FRANK LUNTZ, Republican Pollster: If you wanted the exact opposite of Barack Obama, it’s Donald Trump. Obama was cool. Trump is hot. Obama was cerebral and laid back. Trump is rough and in your face. Obama is Mr. Teleprompter. Donald Trump is a no-card and no-limits, no-boundaries, no-editing─ Obama is intellectual. Trump is emotional.

DONALD TRUMP: He has done such a lousy job as president! I think he’s the worst president maybe in the history of our country. I think he’s been a disaster. He’s been weak. He’s been ineffective.

NARRATOR: The president decided to take Trump on. He headed out of the White House and onto the campaign trail on behalf of Hillary Clinton.

DONALD TRUMP: ISIS is honoring President Obama─

RYAN LIZZA: In the final weeks of the campaign, Obama was very clear about what the stakes were.
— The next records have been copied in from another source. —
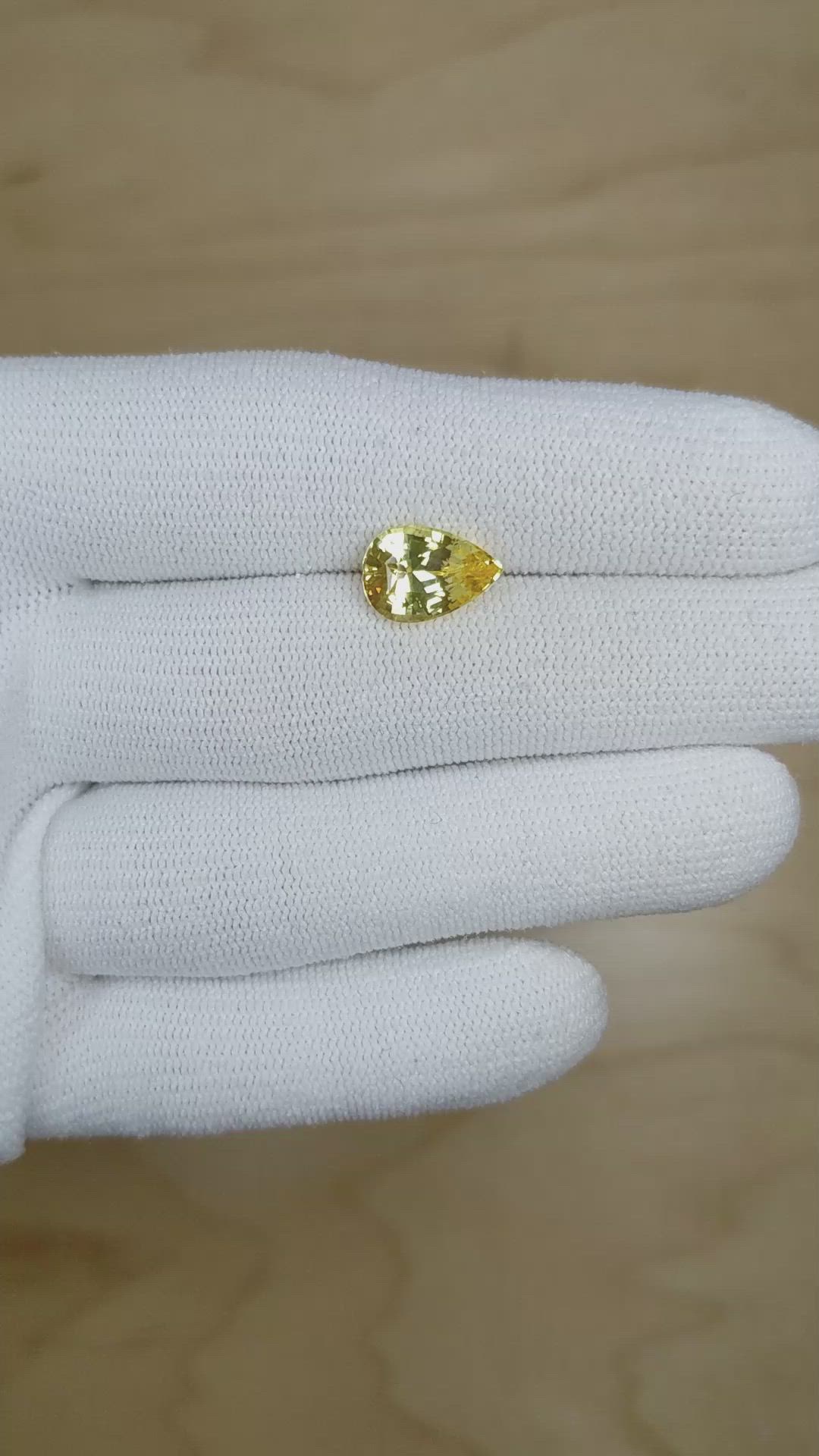 3.54 Ct. Yellow Sapphire from Ceylon (Sri Lanka) Size Video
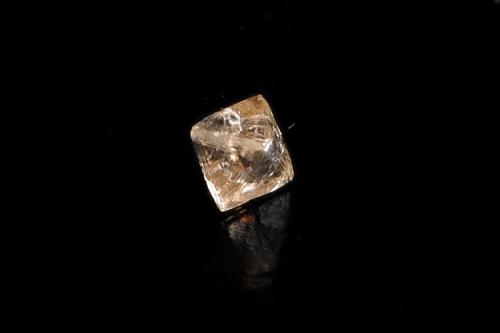 Diamante
Diamantina, Jequitinhonha valley, Minas Gerais, Brasil.
Medidas pieza: 0,5x0,4x0,4 cm (Autor: Sergio Pequeño)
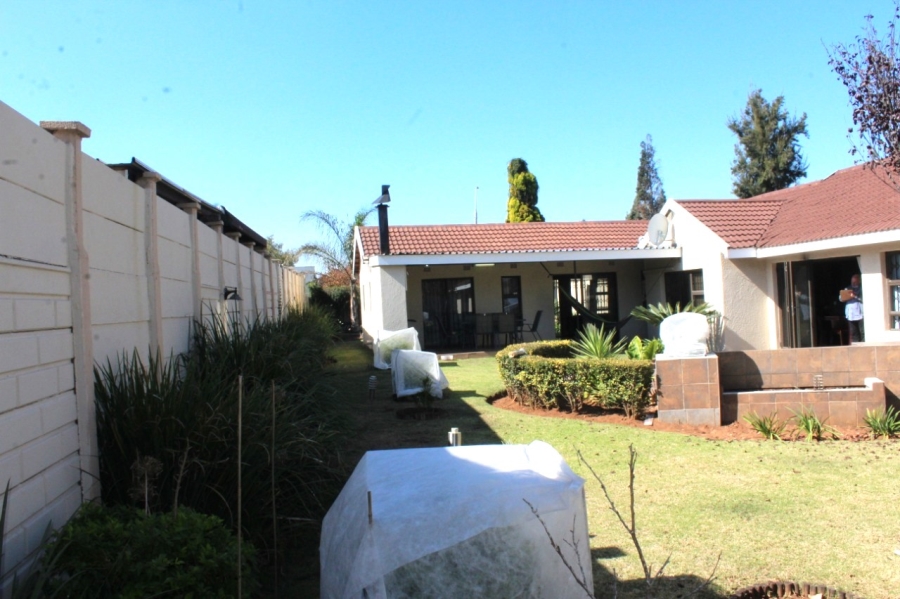 To Let 6 Bedroom Property for Rent in Mayberry Park Gauteng
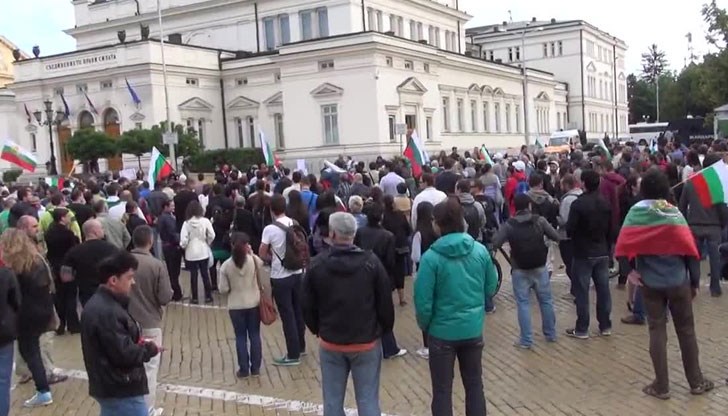 Протестиращите недоволстват от задкулисното формиране на българската външна политика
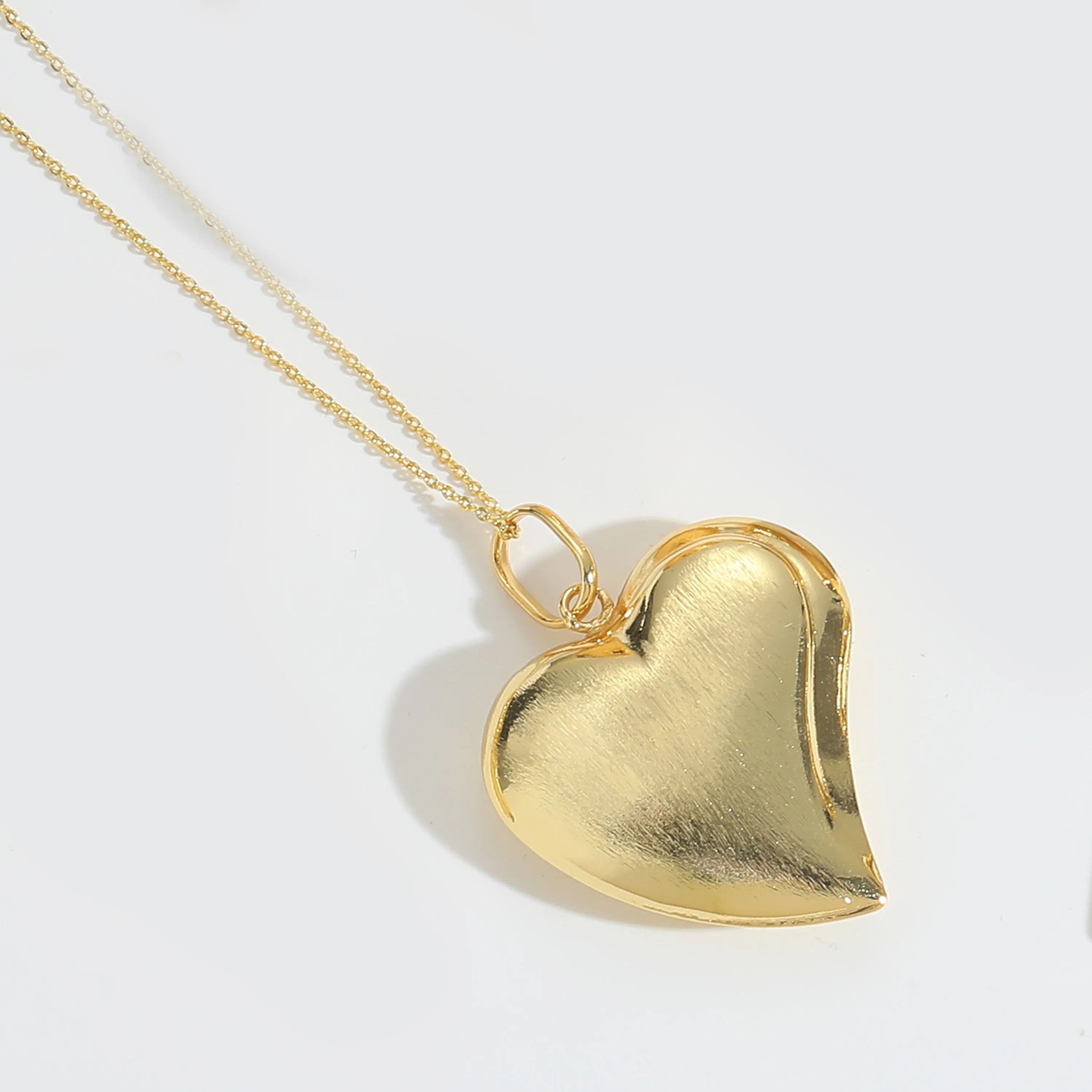 Traverser Forme De Cœur Décontractée Style Classique Le Cuivre Plaqué Or 14K Pendentif Polissage Fermeture À Boucle De Type Homard display picture 9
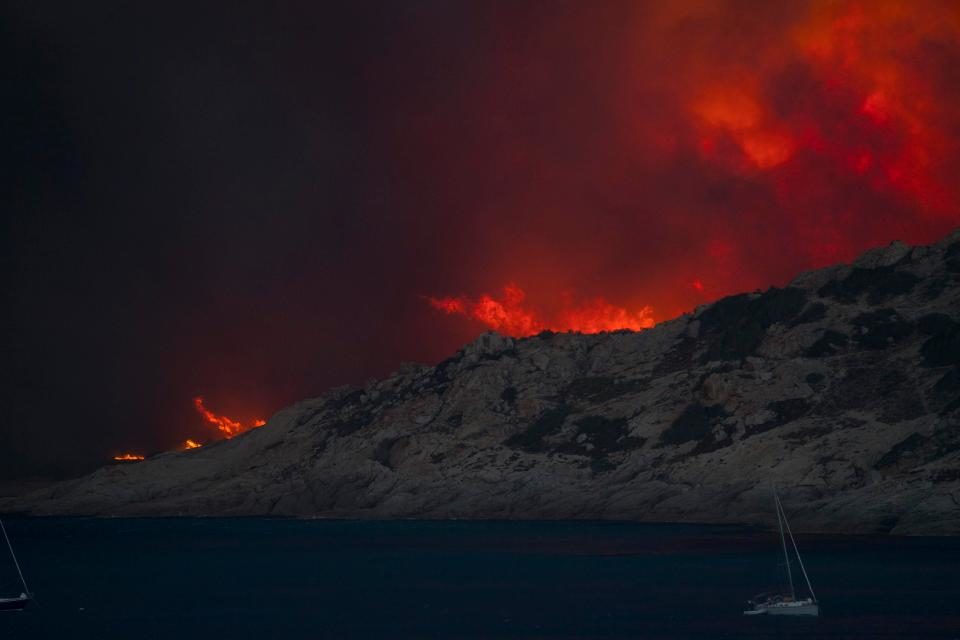 Click to enlarge wildfires French Riviera July 2017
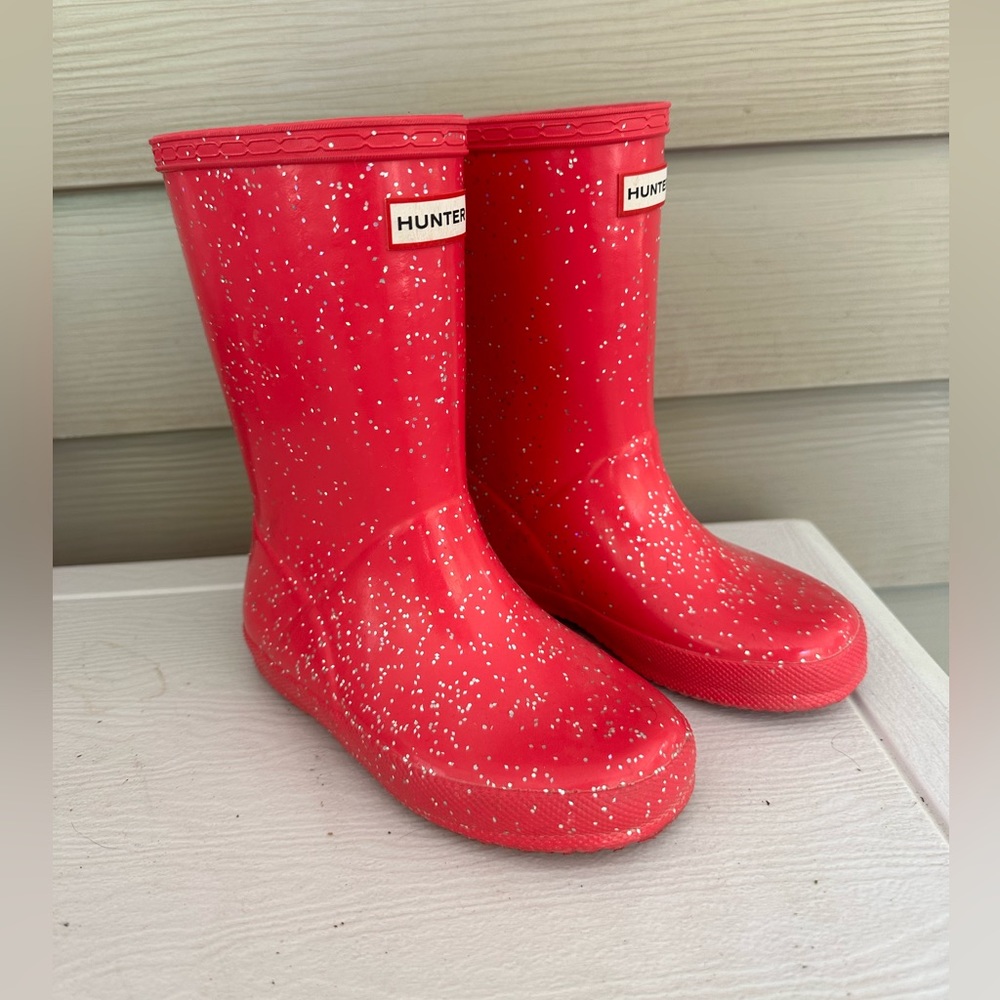 Hunter kids’ pink glitter rainboots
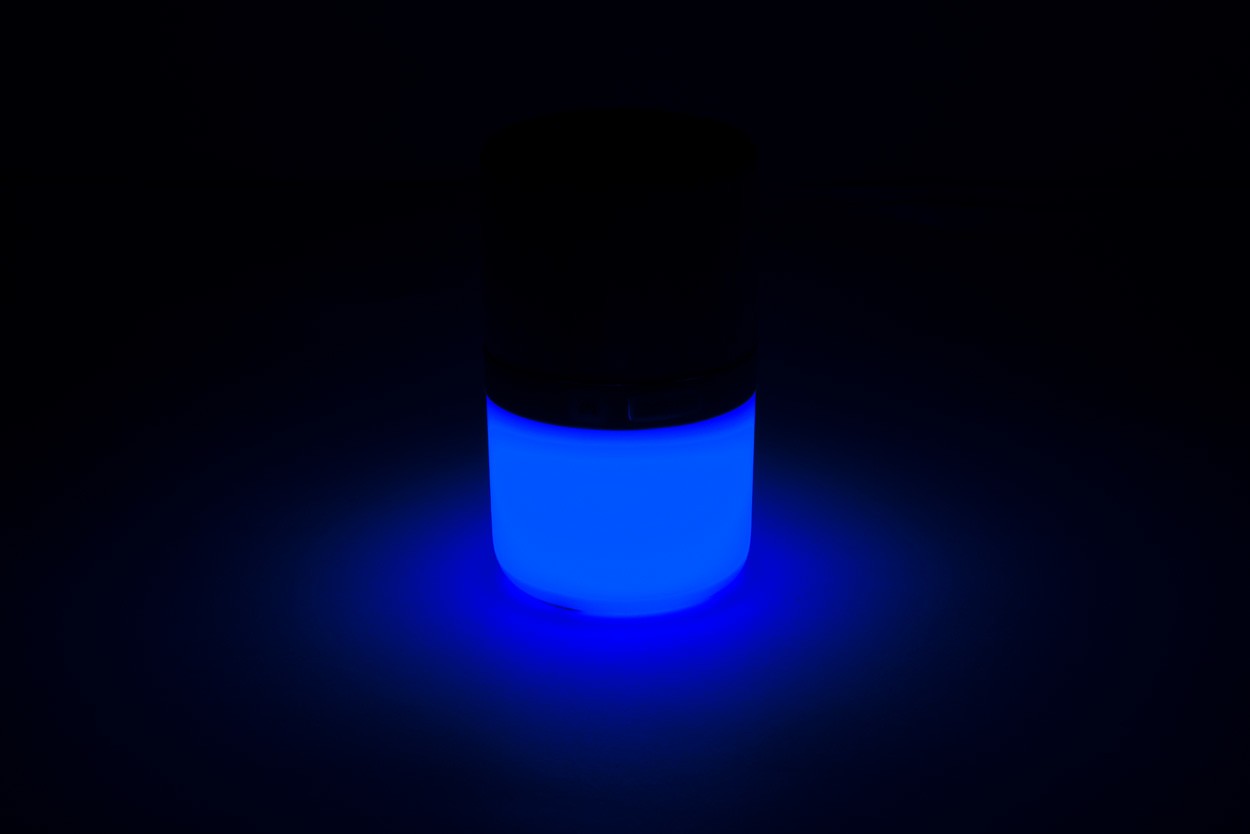 Kevil bluetooth speaker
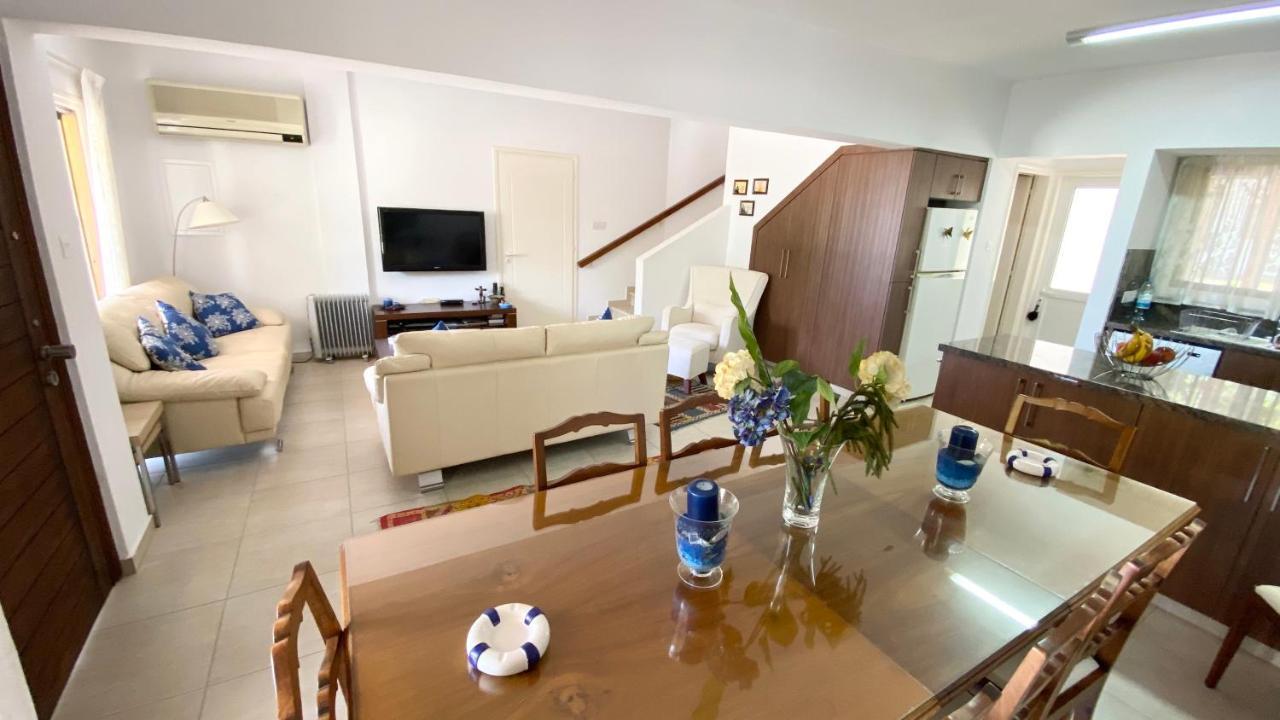 Villa Heart Of *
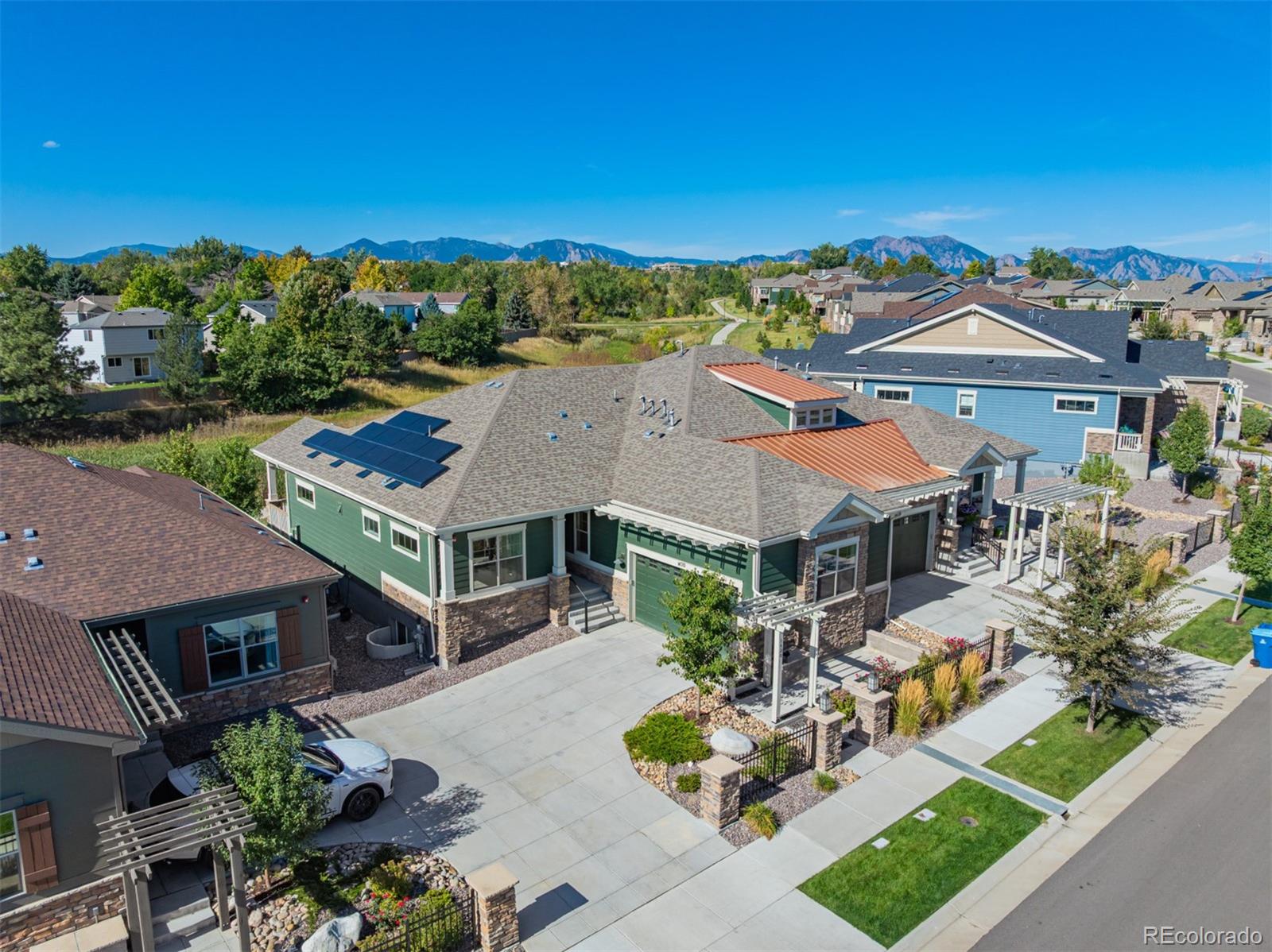 1420 Lanterns Lane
He didn’t mince words, and he said that his entire legacy was on the ballot.

Pres. BARACK OBAMA: What we’ve seen in this election is a dark, pessimistic vision of a country where we turn against each other.

Donald Trump is uniquely unqualified to be president! He is temperamentally unfit to be commander-in-chief!

RYAN LIZZA: There’s a lot of pretty harsh stuff that presidents and presidential candidates say about one another, but rarely do you hear them just outright say, “He’s a threat to America.” And I don’t think Obama was being hyperbolic. I think he believed that.

Pres. BARACK OBAMA: They’re just fanning resentment and blame and anger and hate, and that is not the America we know. That’s not the America I know!

WESLEY LOWERY, Author, They Can’t Kill Us All: The great irony of the Obama presidency, right, is someone who came in on the mandate of changing Washington as we know it, someone who came on the mandate of ending this gridlock and this polarization, by his very presence and by his very humanity, who he was, the color of his skin, the sound of his name, forced more polarization and gridlock than we had seen in the eight years prior.

NEWSCASTER: Today is finally the day. The presidential nominees have made their─

NEWSCASTER: We’re counting down to the first poll closings right now, and as we do─

NEWSCASTER: After a long, contentious presidential race, we are near the end─

NEWSCASTER: You know, it’s such a close race. You just cannot call it right now.

NEWSCASTER: This night is turning out to be a real nail biter─

NEWSCASTER: Donald Trump is currently leading in─

NARRATOR: Then on election night, the president watched the votes come in.

NEWSCASTER: I wouldn’t call anything encouraging for Hillary Clinton at the moment, to be honest.

NEWSCASTER: The Clinton campaign believed they had a lock on this─

DAN BALZ: I assume what was going through the president’s mind on election night was shock, surprise, as it was throughout the Democratic world and the Clinton campaign and all of her allies. But for him, it’s very personal.

NEWSCASTER: CNN projects Donald Trump wins the presidency!

NEWSCASTER: Donald Trump will be the 45th president of the United States─

NARRATOR: By daybreak, the results were in.

NEWSCASTER: One of the largest upsets in U.S. political history─

NARRATOR: It had been a clean sweep for Republicans─ the House of Representatives, the Senate and the White House.

NEWSCASTER: We’ve got Republicans winning all three branches of government, the White House, Senate and House─

NARRATOR: The president’s staff gathered to hear a statement from him.

Pres. BARACK OBAMA: Good afternoon, everybody. It is no secret that the president-elect and I have some pretty significant differences─

RYAN LIZZA: He obviously despised Trump. I’m sure he was devastated. If you saw the faces of the White House staff, they were crushed.

Pres. BARACK OBAMA: And I had a chance to invite him to come to the White House tomorrow to talk about making sure that there is a successful transition between our presidencies. All right? Thank you very much, everybody.

NARRATOR: Barack Obama was elected on a promise to change Washington and bridge divisions. Now he turns over the White House to a new president promising his own change, and hands over a country not more unified but increasingly more divided.